Kelli Simpson won first place in the 2021 Poetry Super Highway Poetry Contest. She is a mother and poet living in Norman, Oklahoma who has published poems in Lamplit Underground, Rabid Oak, The Avenue, Ghost City Review, and The River.
The following work is Copyright © 2021, and owned by Kelli Simpson and may not be distributed or reprinted in any form whatsoever without written permission from the author.
Can’t quiet my voices, so I
of disintegrating stars
Lying on my back beneath
I’m a swallow
in its soft, cement underbelly,
and I swallow great gulps of graffiti.
Straight scripture. No
Shakespeare in spray paint.
Colors and colors and
Deanna + Darren
Angele Marquez is a ho
pass it along
The shades unspool
and the words
retool into notes
on my bridge bard’s
soprano and alto,
interior and ulterior,
humming and hymning;
I’m a swallow
swallowing a sparrow
proof of life.
I was here.
Pass it along.
B. J. Buckley
B. J. Buckley won second place in the 2021 Poetry Super Highway Poetry Contest. She has worked in Arts in Schools/Communities programs throughout the west and midwest for over 45 years. She conducts residencies and workshops in schools, libraries, senior centers, homeless shelters, museums, at conferences, with writing groups and book clubs, and with special needs adults and children. Her poems address the stark and dangerous beauty of the west, its animals, plants, weather, geology and geography, as well as the lives of the people who choose it as home.
The following work is Copyright © 2021, and owned by B. J. Buckley and may not be distributed or reprinted in any form whatsoever without written permission from the author.
There was the afternoon we found the half-longhorn
mired in the dregs of a waterhole, just enough
wet left to tempt her too far to get free, mudlocked,
panicked, her eyes closed, so still we thought
she was dead. Then she heard us, she heaved,
earthquake of muscle, the sound of her, screaming,
drooling, her eyes exploding planets. No one spoke.
We could get us killed, her horns like rapiers.
Swede threw a dally, let his rope float like spider silk,
he got her first try, backed his horse. Then Darl.
Then Clay. I was in the pickup, we could dally
to the hitch if the horses failed, I could haul ass
for help if . . . Well, if. Those horses. My god, those
horses, they came abreast and leaned and pulled
back every time the cow heaved, and it was music.
Even the awful suck when she came loose
was music. They walked her up a ways and let her
stand. She could fall down dead. Her thundering
machine of a heart. We didn’t know how long she’d
struggled, how long without water. Long. If something
inside her was broken. The horses, foam sweat all over
their bodies, letting the ropes go slack.
Mary Beth Hines
Mary Beth Hines won third place in the 2021. She is formerly a project manager who writes poetry and short fiction and non-fiction from her home in Massachusetts. Her work has been published, or is forthcoming, in journals such as Crab Orchard Review, The Galway Review, Gyroscope Review, The Lake, Literary Mama, and Sky Island Journal, among others.

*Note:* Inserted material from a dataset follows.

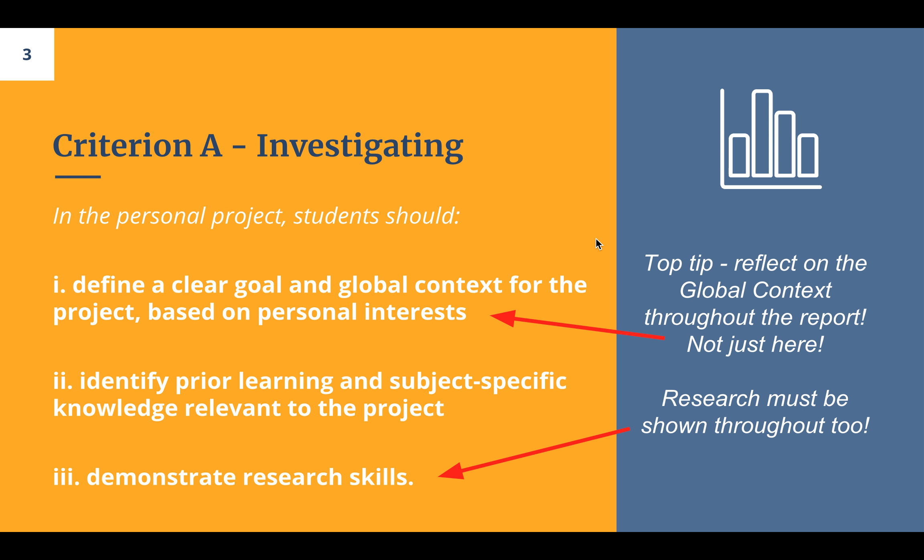The first strand is a clear goal and global context, based on your personal interest. Make sure your global context is described — explain why you've chosen it and why it really fits in. You should also make sure that the language from the global context and its description and exploration runs throughout the whole report.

The following work is Copyright © 2021, and owned by Mary Beth Hines and may not be distributed or reprinted in any form whatsoever without written permission from the author.
On the fourth straight day of rain I begin
to contemplate Noah’s wife, her life, married
to a six-hundred-year-old stiff-necked man,
young-old mother of three grown sons, survivors.

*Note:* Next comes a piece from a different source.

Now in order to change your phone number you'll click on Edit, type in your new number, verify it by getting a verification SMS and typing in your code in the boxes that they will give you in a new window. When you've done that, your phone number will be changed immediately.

And every gray morning thereafter the whole
of that summer, I woke and imagined her climbing
up a rickety ladder to the wet deck, fog-thick air,
for breath, and the brackish choice evening-after-evening—
cacophony of kidnapped swine and jays or whitecaps
and thunderheads—the water winning every time.

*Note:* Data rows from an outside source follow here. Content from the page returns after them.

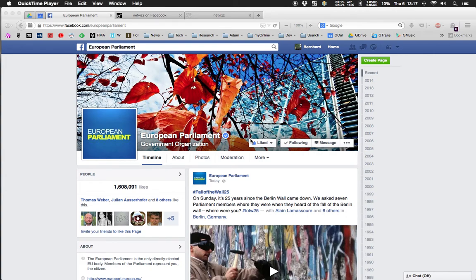This video introduces a couple of techniques one can use to tell a story about the activity on a Facebook page. In particular, it introduces a simple technique using Excel to get a quantitative overview and a visualization of the activity on a particular Facebook page — for example, the page of the European Parliament.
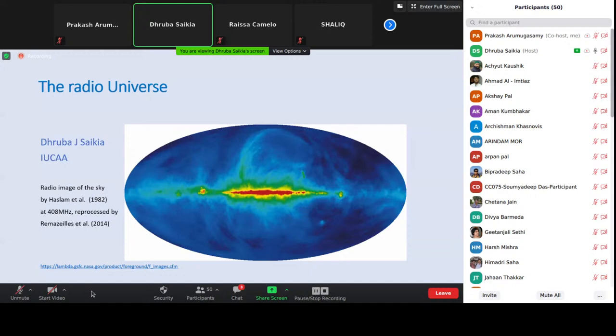My job is basically to give you an overview of the universe as observed at radio wavelengths, and many of my colleagues will take you to greater detail, not only in the theoretical aspects but also on the experimental aspects. I'll start with the first slide, which is a radio image of the sky made by combining data from telescopes in both the northern and southern hemisphere, because to see the entire sky you need to be able to go to the north as well as the south.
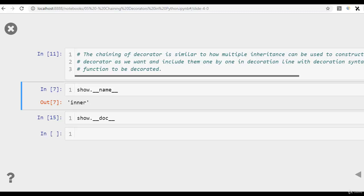I hope you have a clear understanding of chaining decorators. The concept is very simple. It's similar to multiple inheritance where the child class gets attributes from multiple parent classes. Here, the function to be decorated can get multiple functionalities from multiple decorators, and the way it gets them depends on the order in which the function is decorated.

Selfish for a few spare minutes—a glimpse of cloud-
filtered moon, dome of imagined stars—she cobbled
a brief daily escape from the menagerie of couples
sniffing and mewling, braying and copulating
to save the world from a righteous god’s wrath while she
cloaked her doubts in words, prayed as best she could
under the circumstances, her losses accumulating
like those of my friend who, that same summer,
lost her son to a deluge of modern afflictions—dizzy
celebration, sink into wormhole, giddy party gone wrong.
Every evening through that sluicing, swelling season,
I listened for the wife’s dazed voice amidst the hush
of drizzle, rush of storm—attuned to how light
and sound carry across space, through time; heard her ask
beseechingly, quietly, for one good thing or another:
a daughter, a couple of peaceful years, a name of her own
to recall, suddenly, upon waking from a bad dream,
a name she might bequeath, one sweet on the tongue,
begging to be belted out in bass, in those low,
languid notes that reverberate long after a song is over.